Although the exclusionary rule continued to be doggedly supported on the ground that to abandon it would put the accused’s immortal soul in jeopardy by inviting him to lie on oath, the attorney general in 1898 asserted to the Parliament which finally lifted the rule: ‘No innocent man will shrink from giving evidence.’

Poor Julian, forbidden by law to testify in his own defence, is unlikely to have had either character evidence or alibi witnesses to help him.

Stephen Sedley
Dorney, Buckinghamshire

On Not Naming Names

Reading Thomas Meaney’s review of my book Free, I was surprised to find several false claims that have circulated on private social media accounts in Albania: that I supported ‘the razing of the National Theatre’ in Tirana in 2020, that the prime minister, Edi Rama, ‘hosted’ my book launch, and that I sit on a committee for higher education which Rama ‘convened’ (LRB, 23 June). I have never expressed views on the theatre project. The book launch was organised by my Albanian publisher, who rented the venue and issued the invitations. It was attended by activists, artists, diplomats and politicians, all in a private capacity. The higher education board is an independent body. And though green cities in general are surely a good thing, I cannot recall supporting Albanian ‘government stunts, such as planting more trees’.

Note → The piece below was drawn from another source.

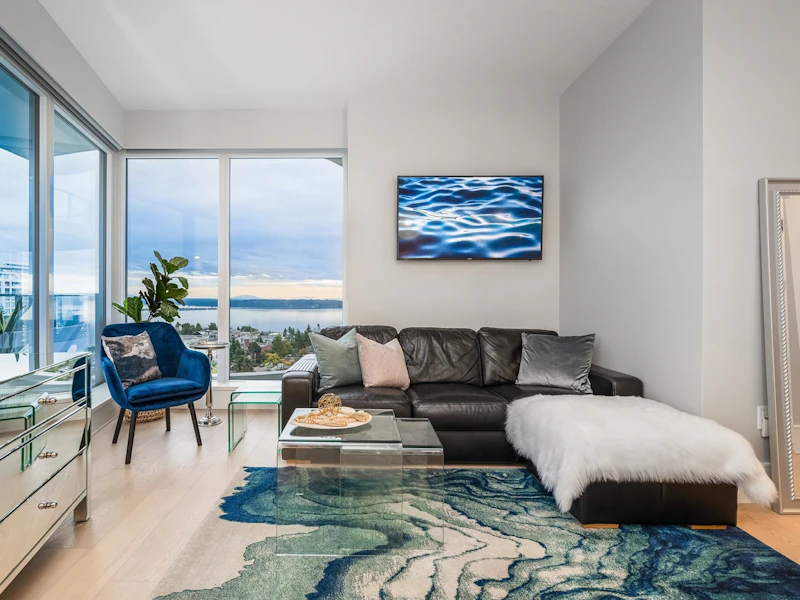1405 - 1500 Martin Street, Surrey BC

Meaney claims that the sale of my family’s coastal property enabled me ‘to live and study in Italy’. My undergraduate studies were covered entirely by a modest university scholarship. My doctoral studies were funded by the Italian Foreign Ministry, supplemented by occasional work as a translator since I was also supporting my family in Tirana at the time.

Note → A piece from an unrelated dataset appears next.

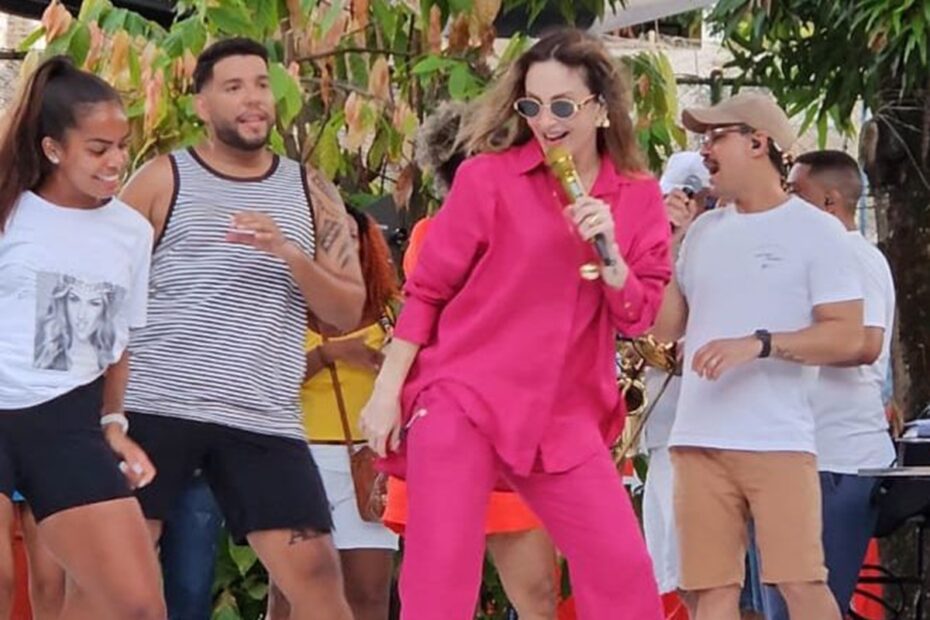 Claudia Leitte grava EP de verão neste sábado no Candyall Ghetto Square: ‘Estou em casa com meu padinho Brown’ -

Meaney suggests that Free received a hostile reception in Albania but fails to mention that the book won the Lumo Skëndo prize, the most important award in Albania for works of non-fiction. I am accused of ignoring critics yet have regularly addressed their concerns in interviews, with the exception of those who tried to police the memory of an eleven-year-old. Meaney says the book caters to Western tastes but overlooks the fact that it was a number one bestseller in Albania and has been reviewed favourably in several Eastern European countries.

Meaney says that I am ‘reticent about naming names’ in my analysis of Albanian politics. Although I visit the country regularly, I can boast neither his self-confidence nor the in-depth knowledge required to pass judgment on day to day issues. I believe that robust debate is possible without ‘naming names’ – the formulation has a sinister ring to those familiar with communist spies. Democratic politics needs critique, not inquisition. Having spoken regularly in public on the problems of the Albanian socialists, I see no need to go after individuals or engage in character assassination.

Lea Ypi
London W3

Bad Origins

When I was a history undergraduate twenty years ago, I studied with the late J.W. Smit, a great historian who published very little, for, he said, ‘I have my piano, and my gin.’ In his lectures on the origins of capitalism, Smit spoke of the history of sociology, beginning with Auguste Comte, who gave us the word ‘sociology’ (Smit chuckled over the term’s absurdity, combining as it did the Latin socio- with the Greek -logy).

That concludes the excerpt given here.